======== Material provided

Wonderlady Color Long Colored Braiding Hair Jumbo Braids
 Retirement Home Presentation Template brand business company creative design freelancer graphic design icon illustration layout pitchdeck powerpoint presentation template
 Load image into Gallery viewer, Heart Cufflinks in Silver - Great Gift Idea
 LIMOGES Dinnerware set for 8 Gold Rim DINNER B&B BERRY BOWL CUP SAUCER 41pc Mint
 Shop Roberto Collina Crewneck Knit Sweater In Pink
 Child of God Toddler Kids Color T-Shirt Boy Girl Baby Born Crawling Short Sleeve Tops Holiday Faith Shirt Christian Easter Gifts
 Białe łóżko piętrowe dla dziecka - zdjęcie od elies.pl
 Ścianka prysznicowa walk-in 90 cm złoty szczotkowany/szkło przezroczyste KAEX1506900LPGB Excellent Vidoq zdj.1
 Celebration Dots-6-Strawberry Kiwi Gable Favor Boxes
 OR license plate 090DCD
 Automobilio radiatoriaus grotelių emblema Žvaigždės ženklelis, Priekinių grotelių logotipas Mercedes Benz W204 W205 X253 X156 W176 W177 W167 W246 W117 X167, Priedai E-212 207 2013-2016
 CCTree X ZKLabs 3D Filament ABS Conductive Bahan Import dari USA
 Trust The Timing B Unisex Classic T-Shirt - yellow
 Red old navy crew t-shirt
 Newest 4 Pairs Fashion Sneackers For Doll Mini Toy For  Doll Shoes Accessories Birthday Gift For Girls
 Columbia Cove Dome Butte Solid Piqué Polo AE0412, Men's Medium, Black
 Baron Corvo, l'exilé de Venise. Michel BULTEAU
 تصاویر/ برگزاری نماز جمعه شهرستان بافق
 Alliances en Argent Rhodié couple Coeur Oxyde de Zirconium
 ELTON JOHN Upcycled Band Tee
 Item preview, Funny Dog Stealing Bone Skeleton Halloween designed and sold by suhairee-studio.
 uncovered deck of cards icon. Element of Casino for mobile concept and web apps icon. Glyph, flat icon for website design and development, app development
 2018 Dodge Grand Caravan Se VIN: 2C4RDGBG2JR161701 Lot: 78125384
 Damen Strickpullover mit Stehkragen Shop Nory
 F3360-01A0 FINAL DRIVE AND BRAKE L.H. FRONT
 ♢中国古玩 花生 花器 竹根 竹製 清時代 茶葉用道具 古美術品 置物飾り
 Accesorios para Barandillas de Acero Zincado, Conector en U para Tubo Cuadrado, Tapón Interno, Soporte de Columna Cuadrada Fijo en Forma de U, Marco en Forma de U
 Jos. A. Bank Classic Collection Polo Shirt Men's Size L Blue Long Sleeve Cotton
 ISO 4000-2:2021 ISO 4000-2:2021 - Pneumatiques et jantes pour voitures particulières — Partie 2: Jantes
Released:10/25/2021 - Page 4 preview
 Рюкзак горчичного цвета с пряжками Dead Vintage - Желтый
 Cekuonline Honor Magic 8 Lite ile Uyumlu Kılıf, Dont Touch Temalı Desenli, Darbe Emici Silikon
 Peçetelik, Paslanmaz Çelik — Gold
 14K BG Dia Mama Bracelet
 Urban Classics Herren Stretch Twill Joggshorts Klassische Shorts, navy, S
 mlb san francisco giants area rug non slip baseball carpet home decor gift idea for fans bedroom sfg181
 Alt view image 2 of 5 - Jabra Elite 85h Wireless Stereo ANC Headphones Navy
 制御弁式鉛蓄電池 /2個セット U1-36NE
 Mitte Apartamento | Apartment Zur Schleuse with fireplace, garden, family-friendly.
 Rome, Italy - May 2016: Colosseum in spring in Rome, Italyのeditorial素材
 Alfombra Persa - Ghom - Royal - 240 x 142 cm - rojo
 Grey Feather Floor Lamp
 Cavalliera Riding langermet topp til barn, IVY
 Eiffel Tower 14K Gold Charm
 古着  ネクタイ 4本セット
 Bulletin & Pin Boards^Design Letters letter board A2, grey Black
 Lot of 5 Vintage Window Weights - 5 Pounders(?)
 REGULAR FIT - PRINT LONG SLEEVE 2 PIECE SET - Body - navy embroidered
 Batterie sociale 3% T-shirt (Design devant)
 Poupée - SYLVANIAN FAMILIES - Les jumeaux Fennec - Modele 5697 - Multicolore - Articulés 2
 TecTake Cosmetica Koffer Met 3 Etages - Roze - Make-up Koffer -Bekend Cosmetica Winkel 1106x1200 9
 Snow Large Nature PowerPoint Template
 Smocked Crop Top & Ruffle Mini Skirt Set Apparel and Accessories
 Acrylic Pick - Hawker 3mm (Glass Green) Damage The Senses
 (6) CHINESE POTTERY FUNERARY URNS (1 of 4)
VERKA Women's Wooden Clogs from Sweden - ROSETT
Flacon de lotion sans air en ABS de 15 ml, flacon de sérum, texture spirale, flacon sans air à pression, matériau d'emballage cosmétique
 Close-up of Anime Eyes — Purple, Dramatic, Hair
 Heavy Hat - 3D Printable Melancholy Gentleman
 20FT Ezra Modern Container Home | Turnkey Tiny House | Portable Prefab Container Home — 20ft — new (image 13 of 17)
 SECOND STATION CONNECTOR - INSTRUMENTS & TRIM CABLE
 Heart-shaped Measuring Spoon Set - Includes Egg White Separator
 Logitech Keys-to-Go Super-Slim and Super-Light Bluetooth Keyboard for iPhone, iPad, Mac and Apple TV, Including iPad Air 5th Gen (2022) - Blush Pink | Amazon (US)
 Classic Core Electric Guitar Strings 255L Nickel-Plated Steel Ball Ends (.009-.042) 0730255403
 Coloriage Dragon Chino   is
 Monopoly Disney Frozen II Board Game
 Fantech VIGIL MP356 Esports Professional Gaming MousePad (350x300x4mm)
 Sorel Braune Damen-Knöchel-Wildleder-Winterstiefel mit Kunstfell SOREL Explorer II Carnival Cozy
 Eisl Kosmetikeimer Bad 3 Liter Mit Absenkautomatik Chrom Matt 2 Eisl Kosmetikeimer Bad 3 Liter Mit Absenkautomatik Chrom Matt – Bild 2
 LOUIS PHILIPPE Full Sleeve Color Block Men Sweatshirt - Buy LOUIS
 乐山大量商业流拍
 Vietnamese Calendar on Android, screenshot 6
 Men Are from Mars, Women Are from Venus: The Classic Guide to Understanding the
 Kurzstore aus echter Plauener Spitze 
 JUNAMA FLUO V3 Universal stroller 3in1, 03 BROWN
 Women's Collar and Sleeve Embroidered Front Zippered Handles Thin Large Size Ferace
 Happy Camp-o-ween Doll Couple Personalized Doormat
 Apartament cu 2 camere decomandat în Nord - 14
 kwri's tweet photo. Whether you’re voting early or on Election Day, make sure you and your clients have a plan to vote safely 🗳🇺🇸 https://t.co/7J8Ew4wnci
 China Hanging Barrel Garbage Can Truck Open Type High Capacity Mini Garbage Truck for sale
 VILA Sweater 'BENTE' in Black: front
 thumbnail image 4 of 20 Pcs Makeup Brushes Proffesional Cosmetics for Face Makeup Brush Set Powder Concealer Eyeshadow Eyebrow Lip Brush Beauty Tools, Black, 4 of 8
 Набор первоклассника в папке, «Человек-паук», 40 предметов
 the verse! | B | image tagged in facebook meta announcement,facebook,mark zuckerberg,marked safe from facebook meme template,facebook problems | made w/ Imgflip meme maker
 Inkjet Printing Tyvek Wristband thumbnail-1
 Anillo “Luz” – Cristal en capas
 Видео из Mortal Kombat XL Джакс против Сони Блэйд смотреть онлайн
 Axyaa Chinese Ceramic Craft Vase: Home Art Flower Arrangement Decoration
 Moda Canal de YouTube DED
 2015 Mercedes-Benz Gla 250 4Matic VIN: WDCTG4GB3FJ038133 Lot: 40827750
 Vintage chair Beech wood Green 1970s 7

================

### Task details
Find the word "image" in the entries. Copy each line that holds it.

### Task solution
 Load image into Gallery viewer, Heart Cufflinks in Silver - Great Gift Idea
 Alt view image 2 of 5 - Jabra Elite 85h Wireless Stereo ANC Headphones Navy
 20FT Ezra Modern Container Home | Turnkey Tiny House | Portable Prefab Container Home — 20ft — new (image 13 of 17)
 thumbnail image 4 of 20 Pcs Makeup Brushes Proffesional Cosmetics for Face Makeup Brush Set Powder Concealer Eyeshadow Eyebrow Lip Brush Beauty Tools, Black, 4 of 8
 the verse! | B | image tagged in facebook meta announcement,facebook,mark zuckerberg,marked safe from facebook meme template,facebook problems | made w/ Imgflip meme maker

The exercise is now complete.